The genomics sector provides an excellent example. Developing advanced sequencing capabilities is important, but organizations must also understand how to build scalable workflows, manage costs, ensure quality, communicate value to customers, and adapt to changing market dynamics. Professionals who can appreciate both the scientific and business dimensions are often better positioned to make informed decisions and drive organizational growth.

Another reason this combination is becoming increasingly important is the rise of interdisciplinary collaboration. Today's biotechnology projects often involve scientists, bioinformaticians, clinicians, engineers, investors, policymakers, and business leaders working together. Professionals who can effectively communicate across these domains help accelerate innovation and improve outcomes.

For young biotech professionals, I would strongly encourage developing both scientific depth and business awareness. This does not mean everyone needs to become a business manager, but understanding concepts such as project management, commercialization, intellectual property, regulatory pathways, and customer engagement can significantly enhance career opportunities and leadership potential.

In my view, the future leaders of biotechnology will be those who can successfully integrate scientific excellence with strategic thinking. The ability to understand both the science behind an innovation and the pathway to deliver it effectively to society is what ultimately drives meaningful and lasting impact in the biotechnology industry.

In areas like molecular biology and sequencing, where precision is critical, what are the biggest capability or infrastructure gaps still present in India?

In areas such as molecular biology and sequencing, India has made tremendous progress over the last decade, but several capability and infrastructure gaps still need to be addressed to fully realize the country's potential as a global genomics hub.

One of the most significant gaps is the uneven distribution of advanced infrastructure. While major metropolitan cities and leading research institutions have access to state-of-the-art sequencing platforms and molecular biology facilities, many Tier-2 and Tier-3 cities still face limitations in accessing high-end genomic technologies. This creates disparities in research opportunities, diagnostics, and healthcare delivery across regions.

Another critical challenge is the shortage of highly skilled talent, particularly in specialized domains such as bioinformatics, genomic data interpretation, computational biology, and clinical genomics. While India produces a large number of life science graduates every year, there remains a gap between academic training and industry requirements. Greater emphasis on hands-on training, interdisciplinary education, and industry-academia collaboration is needed to build a workforce capable of supporting advanced genomic applications.

Bioinformatics infrastructure is another area that requires significant investment. Modern sequencing technologies generate enormous volumes of data, and extracting meaningful insights from this data requires robust computational resources, secure data storage systems, high-performance computing environments, and sophisticated analytical pipelines. Strengthening these capabilities will be essential as genomic data generation continues to grow.

From a clinical perspective, there is still a need for more comprehensive Indian population-specific genomic databases. Many existing genomic reference datasets are heavily influenced by Western populations, which can sometimes limit the accuracy of variant interpretation for Indian patients. Expanding genomic studies focused on India's diverse population will help improve diagnostic precision and support the development of personalized healthcare solutions.
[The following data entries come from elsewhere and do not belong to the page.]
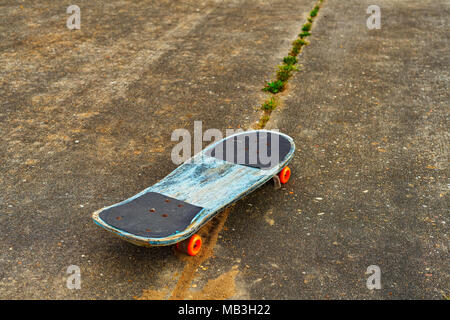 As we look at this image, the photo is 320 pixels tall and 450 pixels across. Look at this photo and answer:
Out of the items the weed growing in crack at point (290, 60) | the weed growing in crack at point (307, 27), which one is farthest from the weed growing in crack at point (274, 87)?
the weed growing in crack at point (307, 27)

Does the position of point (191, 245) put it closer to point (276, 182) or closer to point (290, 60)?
point (276, 182)

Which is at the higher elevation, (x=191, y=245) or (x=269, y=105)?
(x=269, y=105)

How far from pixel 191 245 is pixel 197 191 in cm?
64

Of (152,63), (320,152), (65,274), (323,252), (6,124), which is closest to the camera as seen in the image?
(65,274)

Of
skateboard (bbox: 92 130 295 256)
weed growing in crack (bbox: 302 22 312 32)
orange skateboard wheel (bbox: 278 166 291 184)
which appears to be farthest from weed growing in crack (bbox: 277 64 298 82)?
orange skateboard wheel (bbox: 278 166 291 184)

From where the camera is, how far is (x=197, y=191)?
4438mm

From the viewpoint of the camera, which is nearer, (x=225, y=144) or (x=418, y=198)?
(x=418, y=198)

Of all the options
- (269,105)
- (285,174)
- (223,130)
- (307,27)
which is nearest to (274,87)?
(269,105)

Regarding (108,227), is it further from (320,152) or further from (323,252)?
(320,152)

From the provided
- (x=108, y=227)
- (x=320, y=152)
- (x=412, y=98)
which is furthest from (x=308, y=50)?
(x=108, y=227)

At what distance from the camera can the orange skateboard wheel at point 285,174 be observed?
500cm

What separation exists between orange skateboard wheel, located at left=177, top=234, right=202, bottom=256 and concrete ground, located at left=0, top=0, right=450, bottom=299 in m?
0.10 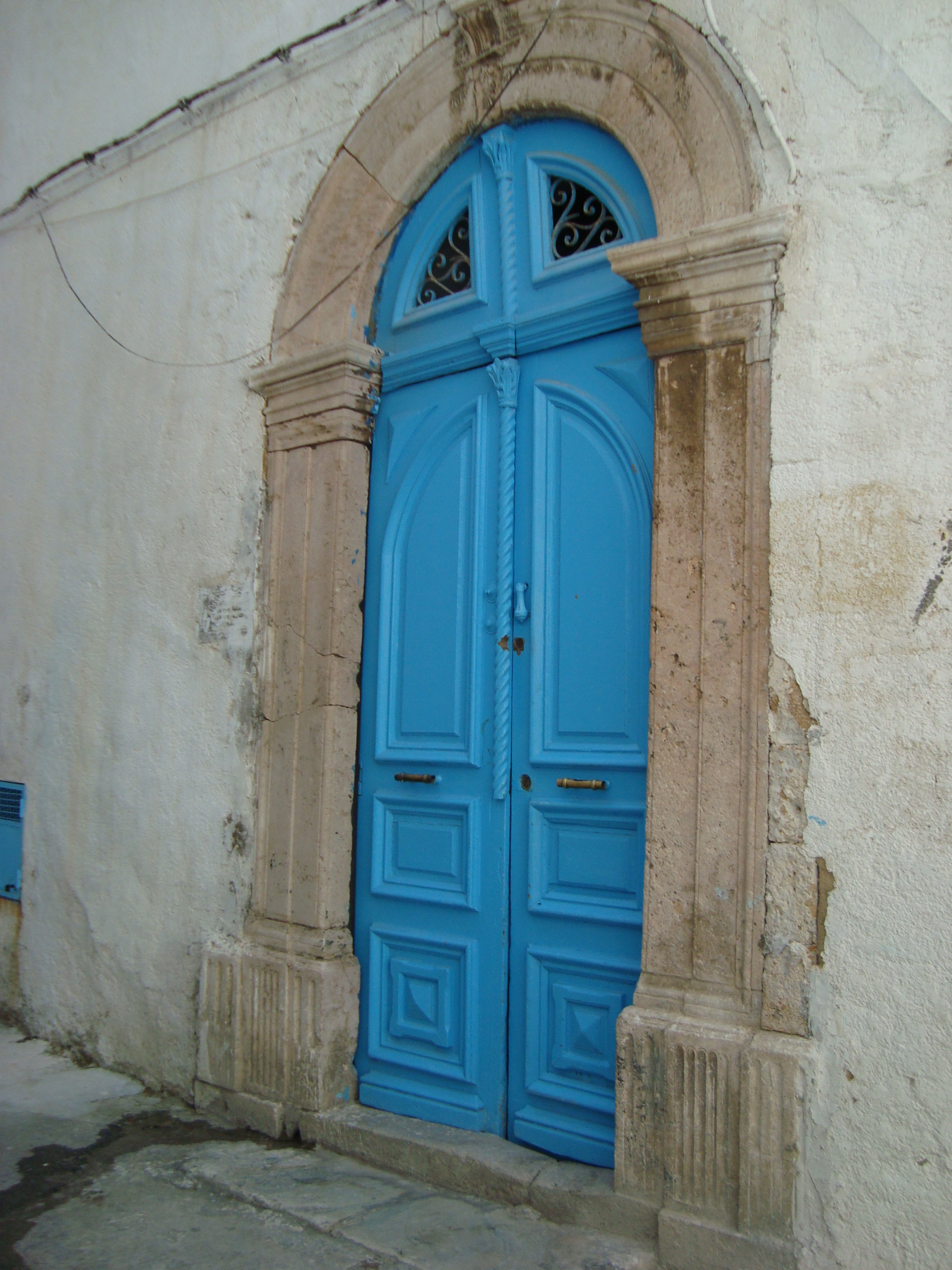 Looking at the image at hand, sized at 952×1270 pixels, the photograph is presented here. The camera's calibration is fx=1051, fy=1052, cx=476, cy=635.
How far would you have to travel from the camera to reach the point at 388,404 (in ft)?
12.3

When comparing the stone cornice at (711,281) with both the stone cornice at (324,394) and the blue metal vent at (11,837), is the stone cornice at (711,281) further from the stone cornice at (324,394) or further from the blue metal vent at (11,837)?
the blue metal vent at (11,837)

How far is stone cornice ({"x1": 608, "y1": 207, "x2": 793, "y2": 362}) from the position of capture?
8.81 feet

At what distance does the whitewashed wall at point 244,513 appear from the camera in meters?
2.39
Quality standardization and accreditation also remain important areas for improvement. As the number of molecular diagnostic and sequencing laboratories increases, maintaining consistent quality, reproducibility, and regulatory compliance becomes increasingly critical. Establishing and adhering to globally recognized quality standards will help strengthen confidence in genomic testing and research outcomes.

Another challenge is the limited integration between research, diagnostics, and healthcare systems. In many cases, valuable genomic findings generated through research do not seamlessly translate into clinical practice. Creating stronger collaborations among research institutions, hospitals, diagnostic laboratories, and industry partners can accelerate the adoption of genomics in routine healthcare.
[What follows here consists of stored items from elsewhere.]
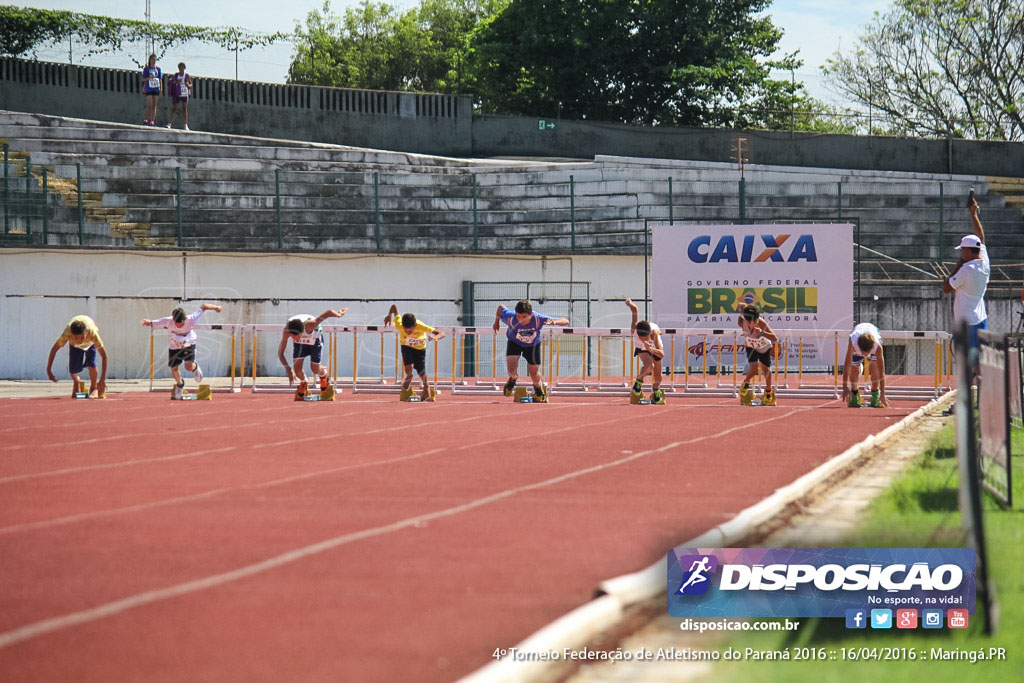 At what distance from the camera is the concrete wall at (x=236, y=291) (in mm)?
27359

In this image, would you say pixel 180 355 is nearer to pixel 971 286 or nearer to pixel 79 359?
pixel 79 359

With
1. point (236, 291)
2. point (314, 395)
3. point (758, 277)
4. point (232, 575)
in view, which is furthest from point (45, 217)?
point (232, 575)

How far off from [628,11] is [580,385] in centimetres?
3047

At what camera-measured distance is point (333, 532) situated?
6902 mm

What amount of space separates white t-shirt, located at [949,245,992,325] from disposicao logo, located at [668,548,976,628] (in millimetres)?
8546

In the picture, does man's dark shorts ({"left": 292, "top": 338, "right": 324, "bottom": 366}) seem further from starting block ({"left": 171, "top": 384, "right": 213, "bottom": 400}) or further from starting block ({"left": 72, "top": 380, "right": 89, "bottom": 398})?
starting block ({"left": 72, "top": 380, "right": 89, "bottom": 398})

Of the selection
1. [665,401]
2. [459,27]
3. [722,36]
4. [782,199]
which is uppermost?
[459,27]

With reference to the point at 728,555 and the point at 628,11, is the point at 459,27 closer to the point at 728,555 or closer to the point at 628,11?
the point at 628,11

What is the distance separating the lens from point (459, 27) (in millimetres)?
69000

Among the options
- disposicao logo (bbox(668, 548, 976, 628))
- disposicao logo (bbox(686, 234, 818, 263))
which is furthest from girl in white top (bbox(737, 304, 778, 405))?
disposicao logo (bbox(668, 548, 976, 628))

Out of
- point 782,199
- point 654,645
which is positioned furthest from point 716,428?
point 782,199

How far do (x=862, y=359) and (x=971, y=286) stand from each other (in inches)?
187

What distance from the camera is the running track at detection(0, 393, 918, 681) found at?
4.53m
Additionally, dependence on imported instruments, reagents, and consumables continues to affect costs and supply chain resilience. Encouraging indigenous manufacturing and innovation in genomics technologies can help reduce costs, improve accessibility, and strengthen India's self-reliance in this strategically important sector.

Despite these challenges, I am optimistic about the future. India possesses exceptional scientific talent, a rapidly growing biotechnology ecosystem, and increasing government and private-sector investment in genomics. By strengthening infrastructure, developing skilled human resources, expanding bioinformatics capabilities, and fostering collaboration across the ecosystem, India is well-positioned to become a global leader in molecular biology, sequencing, and precision medicine in the coming years.
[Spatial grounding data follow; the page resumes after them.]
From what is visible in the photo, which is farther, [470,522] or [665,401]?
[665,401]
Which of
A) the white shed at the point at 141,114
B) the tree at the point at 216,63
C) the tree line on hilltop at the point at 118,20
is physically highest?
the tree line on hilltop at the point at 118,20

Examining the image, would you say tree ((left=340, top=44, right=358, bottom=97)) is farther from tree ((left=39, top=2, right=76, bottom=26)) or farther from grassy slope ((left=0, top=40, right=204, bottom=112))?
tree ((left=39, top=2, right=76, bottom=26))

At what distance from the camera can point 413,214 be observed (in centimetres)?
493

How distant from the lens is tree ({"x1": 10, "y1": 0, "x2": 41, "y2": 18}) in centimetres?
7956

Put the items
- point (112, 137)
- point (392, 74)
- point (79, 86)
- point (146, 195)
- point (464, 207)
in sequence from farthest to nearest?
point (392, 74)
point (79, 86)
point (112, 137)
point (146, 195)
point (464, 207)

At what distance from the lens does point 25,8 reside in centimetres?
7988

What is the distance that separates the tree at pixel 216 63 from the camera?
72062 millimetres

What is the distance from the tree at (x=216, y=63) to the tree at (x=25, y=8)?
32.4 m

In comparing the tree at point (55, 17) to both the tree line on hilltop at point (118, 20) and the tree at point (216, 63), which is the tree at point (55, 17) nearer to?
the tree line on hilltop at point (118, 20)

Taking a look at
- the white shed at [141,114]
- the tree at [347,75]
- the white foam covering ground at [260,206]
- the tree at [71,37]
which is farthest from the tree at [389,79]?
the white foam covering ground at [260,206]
As India pushes towards self-reliance in biotech, how important is the development of indigenous solutions such as kits, reagents, and research tools?

The development of indigenous biotechnology solutions is absolutely critical for India's long-term growth, competitiveness, and self-reliance in the life sciences sector. As biotechnology becomes increasingly important for healthcare, agriculture, environmental sustainability, and scientific research, the ability to develop and manufacture our own kits, reagents, instruments, and research tools is both a strategic and economic necessity.

For many years, a significant portion of India's biotechnology ecosystem relied heavily on imported products. While these technologies have played an important role in advancing research and diagnostics, dependence on external suppliers often leads to higher costs, longer procurement timelines, supply chain vulnerabilities, and limited customization for local requirements. The disruptions experienced during the COVID-19 pandemic clearly demonstrated the importance of having robust domestic capabilities in biotechnology manufacturing and innovation.

Indigenous development offers several advantages. First, it improves affordability. Locally developed kits and reagents can significantly reduce costs for research institutions, diagnostic laboratories, academic organizations, and healthcare providers. Lower costs ultimately translate into greater accessibility and wider adoption of advanced technologies.

Second, indigenous solutions can be tailored to address India's specific needs. Whether it is developing diagnostic assays relevant to regional disease profiles, creating genomics tools optimized for Indian population studies, or supporting agricultural biotechnology applications, local innovation enables solutions that are better aligned with our unique challenges and opportunities.

Third, domestic manufacturing strengthens supply chain resilience. Biotechnology research and diagnostics depend on uninterrupted access to high-quality consumables and reagents. Building local production capabilities reduces dependence on global supply chains and ensures continuity during periods of international disruption.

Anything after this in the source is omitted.